More active flows

1. Abstract

From version v2.13 there is a new Stateful scheduler that works better in the case of high concurrent/active flows. In case of EMIX 70% better performance was observed. In this tutorial there are 14 DP cores & up to 8M flows. There is a special config file to enlarge the number of flows. This tutorial present the difference in performance between the old scheduler and the new.

2. Setup details

Server:	UCSC-C240-M4SX
CPU:	2 x Intel® Xeon® CPU E5-2667 v3 @ 3.20GHz
RAM:	65536 @ 2133 MHz
NICs:	2 x Intel Corporation Ethernet Controller XL710 for 40GbE QSFP+ (rev 01)
QSFP:	Cisco QSFP-H40G-AOC1M
OS:	Fedora 18
Switch:	Cisco Nexus 3172 Chassis, System version: 6.0(2)U5(2).
TRex:	v2.13/v2.12 using 7 cores per dual interface.

3. Traffic profile

cap2/cur_flow_single.yaml

- duration : 0.1
  generator :
          distribution : "seq"
          clients_start : "16.0.0.1"
          clients_end   : "16.0.0.255"
          servers_start : "48.0.0.1"
          servers_end   : "48.0.255.255"
          clients_per_gb : 201
          min_clients    : 101
          dual_port_mask : "1.0.0.0"
  cap_info :
     - name: cap2/udp_10_pkts.pcap  (1)
       cps : 100
       ipg : 200
       rtt : 200
       w   : 1

One directional UDP flow with 10 packets of 64B

4. Config file command

/cfg/trex_08_5mflows.yaml

- port_limit: 4
  version: 2
  interfaces: ['05:00.0', '05:00.1', '84:00.0', '84:00.1']
  port_info:
      - ip: 1.1.1.1
        default_gw: 2.2.2.2
      - ip: 3.3.3.3
        default_gw: 4.4.4.4

      - ip: 4.4.4.4
        default_gw: 3.3.3.3
      - ip: 2.2.2.2
        default_gw: 1.1.1.1

  platform:
      master_thread_id: 0
      latency_thread_id: 15
      dual_if:
        - socket: 0
          threads: [1,2,3,4,5,6,7]

        - socket: 1
          threads: [8,9,10,11,12,13,14]
  memory    :
        dp_flows    : 1048576                    (1)
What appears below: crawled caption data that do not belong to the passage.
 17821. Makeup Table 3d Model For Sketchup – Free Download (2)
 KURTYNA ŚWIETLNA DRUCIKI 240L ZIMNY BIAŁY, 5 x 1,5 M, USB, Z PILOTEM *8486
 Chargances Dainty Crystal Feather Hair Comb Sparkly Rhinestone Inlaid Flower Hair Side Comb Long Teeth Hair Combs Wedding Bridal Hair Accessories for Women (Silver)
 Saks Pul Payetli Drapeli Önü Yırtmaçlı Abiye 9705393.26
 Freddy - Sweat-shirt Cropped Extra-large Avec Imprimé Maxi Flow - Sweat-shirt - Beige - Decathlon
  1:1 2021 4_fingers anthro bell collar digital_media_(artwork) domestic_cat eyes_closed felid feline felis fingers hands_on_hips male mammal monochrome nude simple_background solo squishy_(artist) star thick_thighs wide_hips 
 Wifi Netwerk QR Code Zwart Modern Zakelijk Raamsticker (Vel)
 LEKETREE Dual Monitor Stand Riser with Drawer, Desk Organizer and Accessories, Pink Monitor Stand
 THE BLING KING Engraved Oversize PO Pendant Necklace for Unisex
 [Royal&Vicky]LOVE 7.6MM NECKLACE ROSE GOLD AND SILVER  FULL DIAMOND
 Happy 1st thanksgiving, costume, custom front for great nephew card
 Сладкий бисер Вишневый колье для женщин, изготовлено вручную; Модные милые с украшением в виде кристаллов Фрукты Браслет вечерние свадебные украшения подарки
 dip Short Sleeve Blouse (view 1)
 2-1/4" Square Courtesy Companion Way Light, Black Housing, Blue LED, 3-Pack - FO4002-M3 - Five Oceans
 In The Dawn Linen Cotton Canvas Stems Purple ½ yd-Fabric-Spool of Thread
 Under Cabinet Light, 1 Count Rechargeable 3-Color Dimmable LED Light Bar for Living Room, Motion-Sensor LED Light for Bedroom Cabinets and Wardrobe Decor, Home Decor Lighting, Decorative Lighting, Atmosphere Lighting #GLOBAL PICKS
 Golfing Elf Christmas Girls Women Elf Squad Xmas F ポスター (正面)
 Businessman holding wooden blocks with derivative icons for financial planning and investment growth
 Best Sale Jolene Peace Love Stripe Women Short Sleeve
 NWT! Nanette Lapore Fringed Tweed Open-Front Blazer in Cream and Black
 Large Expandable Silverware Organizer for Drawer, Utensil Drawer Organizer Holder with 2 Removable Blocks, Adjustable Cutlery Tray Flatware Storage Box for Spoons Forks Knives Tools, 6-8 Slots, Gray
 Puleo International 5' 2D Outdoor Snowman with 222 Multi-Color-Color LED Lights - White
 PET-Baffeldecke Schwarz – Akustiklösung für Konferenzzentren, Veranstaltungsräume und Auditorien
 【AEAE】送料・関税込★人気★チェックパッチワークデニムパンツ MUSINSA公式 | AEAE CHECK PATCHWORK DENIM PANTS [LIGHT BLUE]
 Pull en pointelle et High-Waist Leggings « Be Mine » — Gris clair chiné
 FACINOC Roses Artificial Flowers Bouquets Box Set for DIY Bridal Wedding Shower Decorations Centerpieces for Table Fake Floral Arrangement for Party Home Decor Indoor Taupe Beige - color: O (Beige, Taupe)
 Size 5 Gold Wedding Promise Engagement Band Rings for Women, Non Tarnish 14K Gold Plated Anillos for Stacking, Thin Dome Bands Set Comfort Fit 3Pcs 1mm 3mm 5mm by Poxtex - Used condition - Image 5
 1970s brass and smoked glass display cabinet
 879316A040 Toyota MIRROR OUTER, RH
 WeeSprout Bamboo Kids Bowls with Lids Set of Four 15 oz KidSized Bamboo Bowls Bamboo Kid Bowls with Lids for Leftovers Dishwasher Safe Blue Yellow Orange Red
add memory section with more flows

5. Traffic command

command

[bash]>sudo ./t-rex-64 -f cap2/cur_flow_single.yaml -m 30000 -c 7 -d 40 -l 1000 --active-flows 5000000 -p --cfg cfg/trex_08_5mflows.yaml

The number of active flows can be change using --active-flows CLI. in this example it is set to 5M flows

6. Script to get performance per active number of flows

def minimal_stateful_test(server,csv_file,a_active_flows):

    trex_client = CTRexClient(server)                                   (1)

    trex_client.start_trex(                                             (2)
            c = 7,
            m = 30000,
            f = 'cap2/cur_flow_single.yaml',
            d = 30,
            l = 1000,
            p=True,
            cfg = "cfg/trex_08_5mflows.yaml",
            active_flows=a_active_flows,
            nc=True
            )

    result = trex_client.sample_until_finish()                         (3)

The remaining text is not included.